What to do
Each line of the records must appear in your answer exactly, with no pictures.

Supplied data
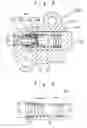 Fig. 03 - Hydraulic tensioner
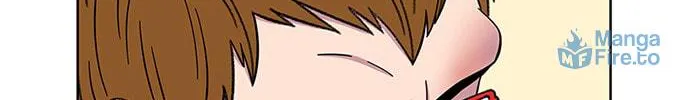 Byeorisamsyap Chapter 23 page 7 - 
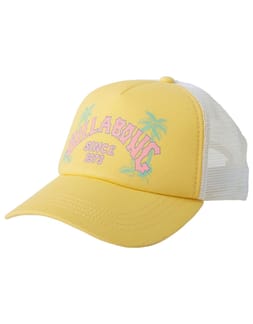 Aloha Forever Headwear Sunbeam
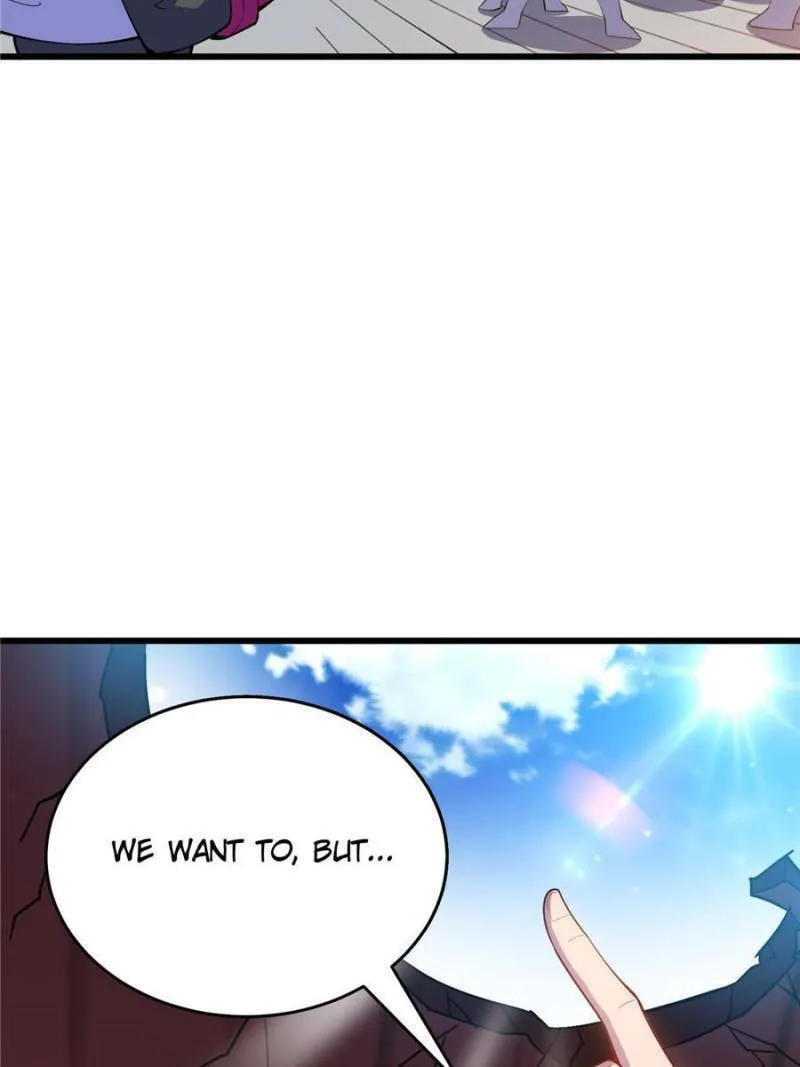 Read I Picked up an Attribute (Colored) chapter 210 image 25 on Lezhin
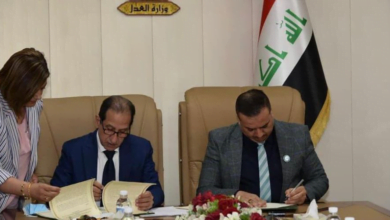 64C2CCA7 EC35 4050 9386 D7FBE4FB4BD1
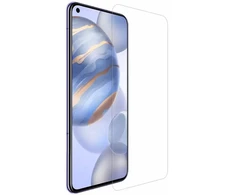 „Fusion Accessories“ „Fusion“ stiklo ekrano apsauga „Huawei P50“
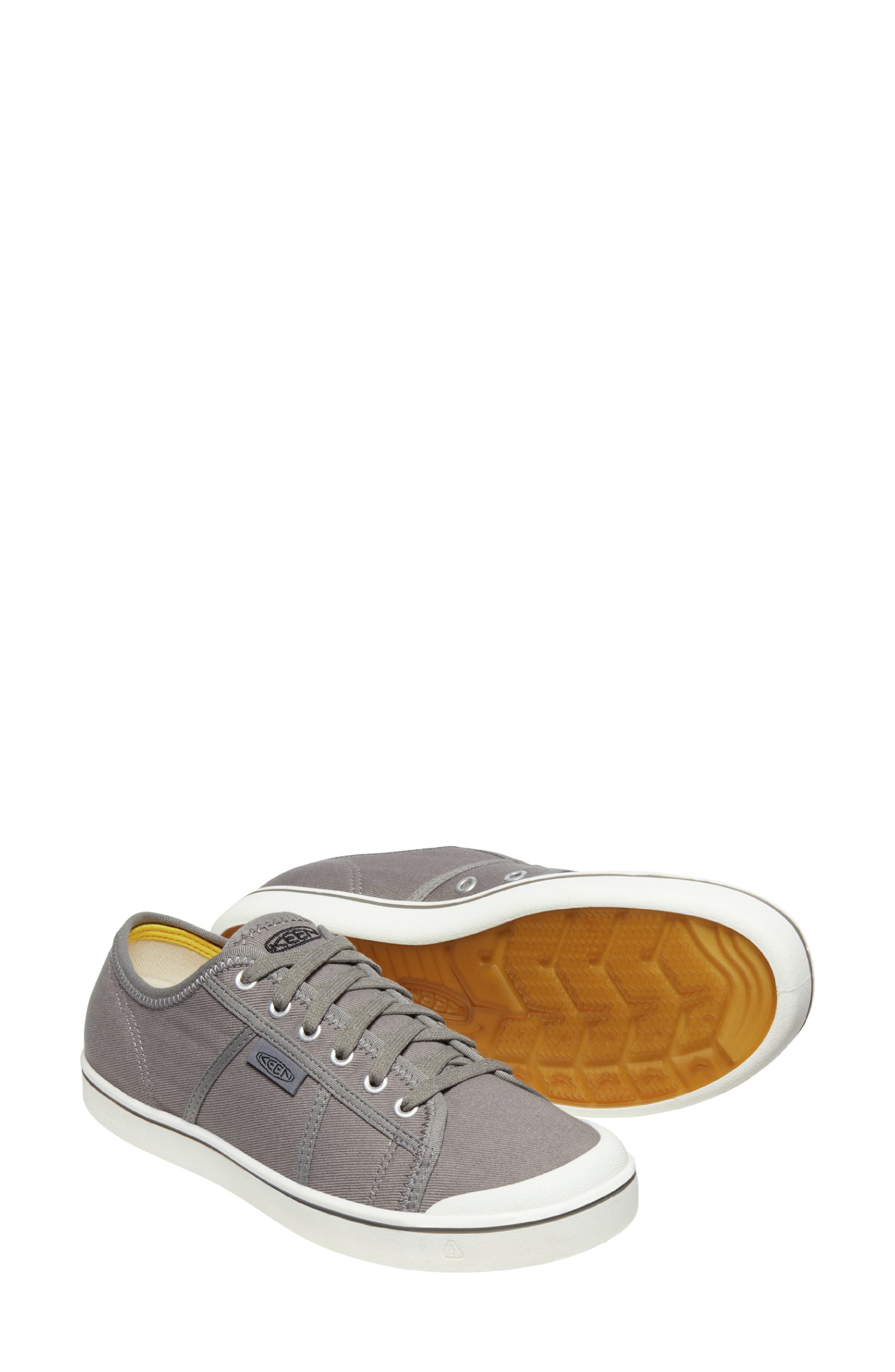 KEEN Eldon Sneaker Nordstrom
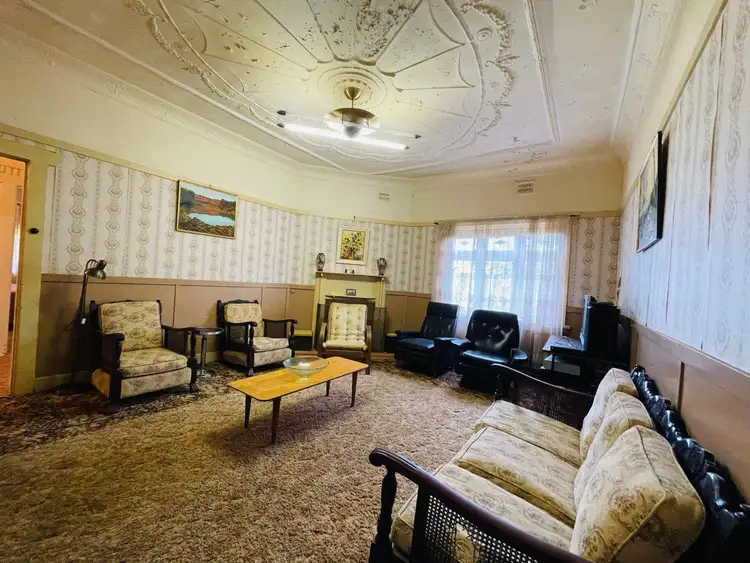 Fifth view of Homely house listing, 10 Melrose Street, Condobolin NSW 2877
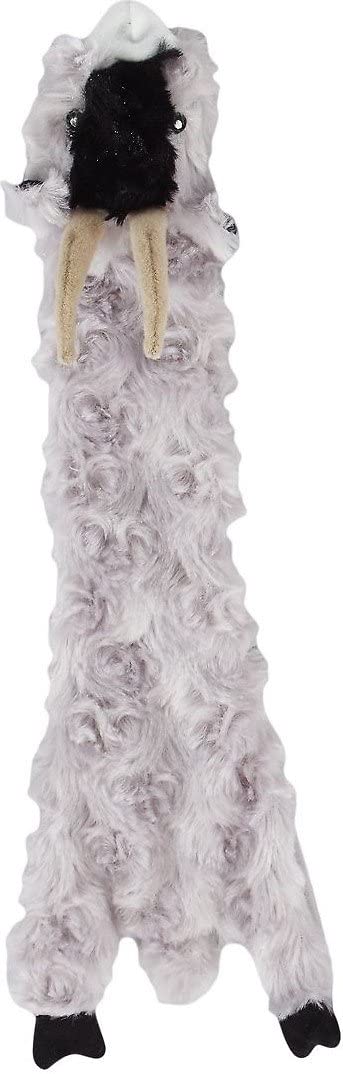 SP SKINNEEEZ CRINKLERS GOAT 14i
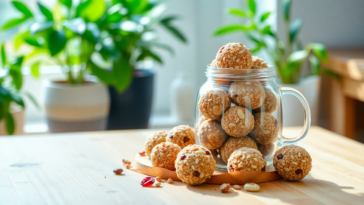descubre por que las bolitas energeticas son tu mejor opcion de snack python 1753521028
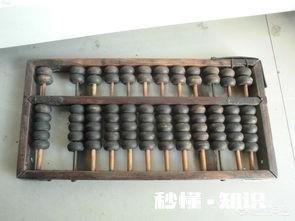 如何教育“熊孩子”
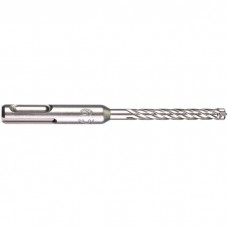 Бур Milwaukee SDS-PLUS MX4, 6x215, 5 шт (4932478532)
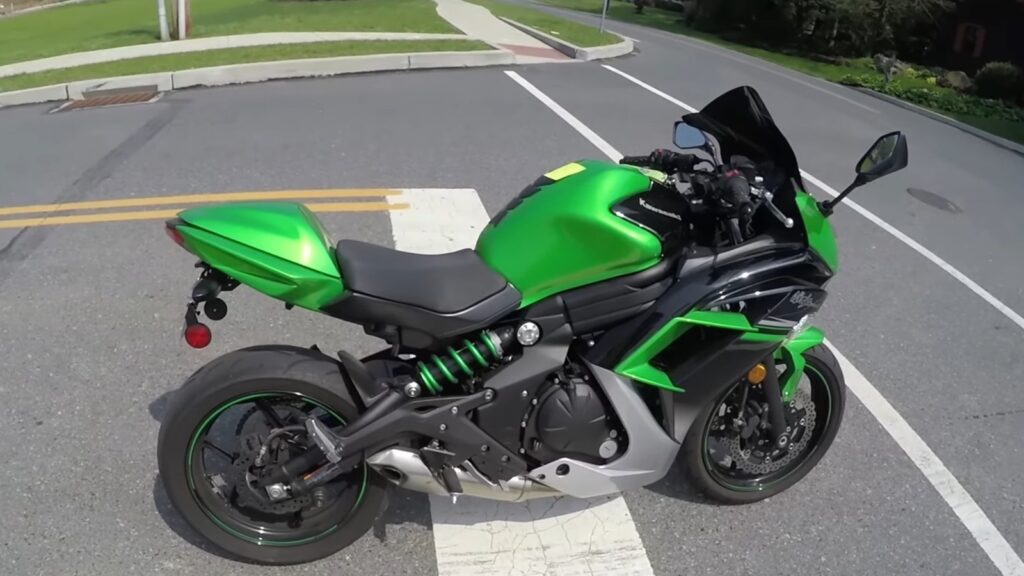 all-about-the-2013-kawasaki-ninja-650-motorcycle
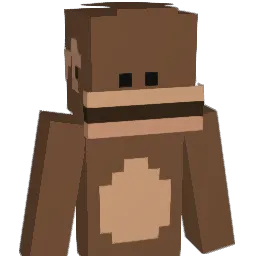 Bqmble
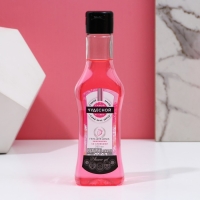 Подарочный набор ЧИСТОЕ СЧАСТЬЕ &laquo;Мечтай!&raquo;, гель для душа мартини 250 мл и крем для рук 30 мл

Exercise solution
 Fig. 03 - Hydraulic tensioner
 Byeorisamsyap Chapter 23 page 7 - 
 Aloha Forever Headwear Sunbeam
 Read I Picked up an Attribute (Colored) chapter 210 image 25 on Lezhin
 64C2CCA7 EC35 4050 9386 D7FBE4FB4BD1
 „Fusion Accessories“ „Fusion“ stiklo ekrano apsauga „Huawei P50“
 KEEN Eldon Sneaker Nordstrom
 Fifth view of Homely house listing, 10 Melrose Street, Condobolin NSW 2877
 SP SKINNEEEZ CRINKLERS GOAT 14i
descubre por que las bolitas energeticas son tu mejor opcion de snack python 1753521028
 如何教育“熊孩子”
 Бур Milwaukee SDS-PLUS MX4, 6x215, 5 шт (4932478532)
 all-about-the-2013-kawasaki-ninja-650-motorcycle
 Bqmble
 Подарочный набор ЧИСТОЕ СЧАСТЬЕ &laquo;Мечтай!&raquo;, гель для душа мартини 250 мл и крем для рук 30 мл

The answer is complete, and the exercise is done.